Taking the line with "Rheinland-Pfalz schließt Corona-Impfzentren" as the first and the line with "6596 Sandlewood Road, Woodbury, MN 55125" as the last, set down the lines below exactly, pictures excluded.

__Source material__:
-- Opening Marker --

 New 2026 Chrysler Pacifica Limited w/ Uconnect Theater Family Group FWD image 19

-- Closing Marker --
-- Opening Marker --

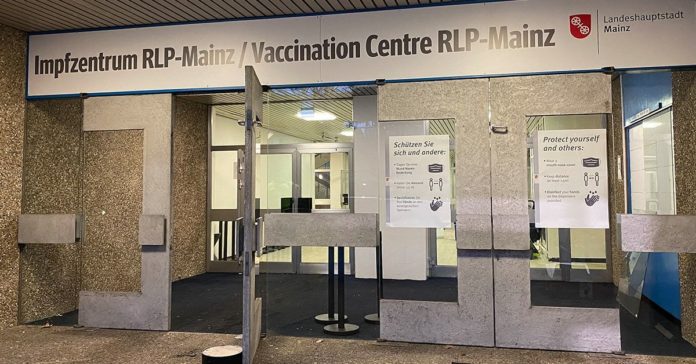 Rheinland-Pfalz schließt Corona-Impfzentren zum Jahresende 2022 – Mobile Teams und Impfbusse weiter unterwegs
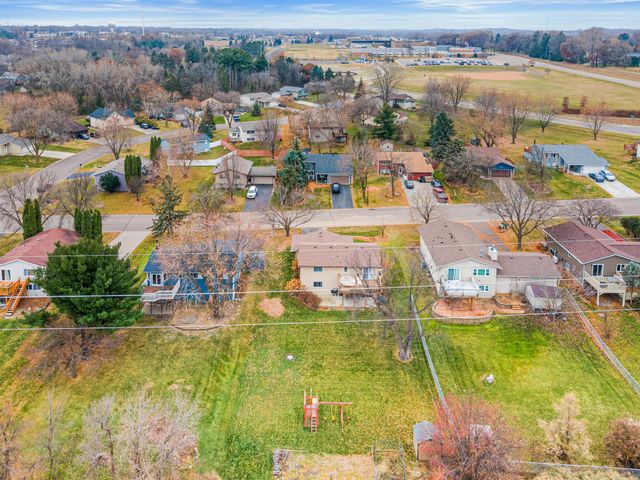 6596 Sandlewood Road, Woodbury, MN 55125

-- Closing Marker --

__Task output__:
 Rheinland-Pfalz schließt Corona-Impfzentren zum Jahresende 2022 – Mobile Teams und Impfbusse weiter unterwegs
 6596 Sandlewood Road, Woodbury, MN 55125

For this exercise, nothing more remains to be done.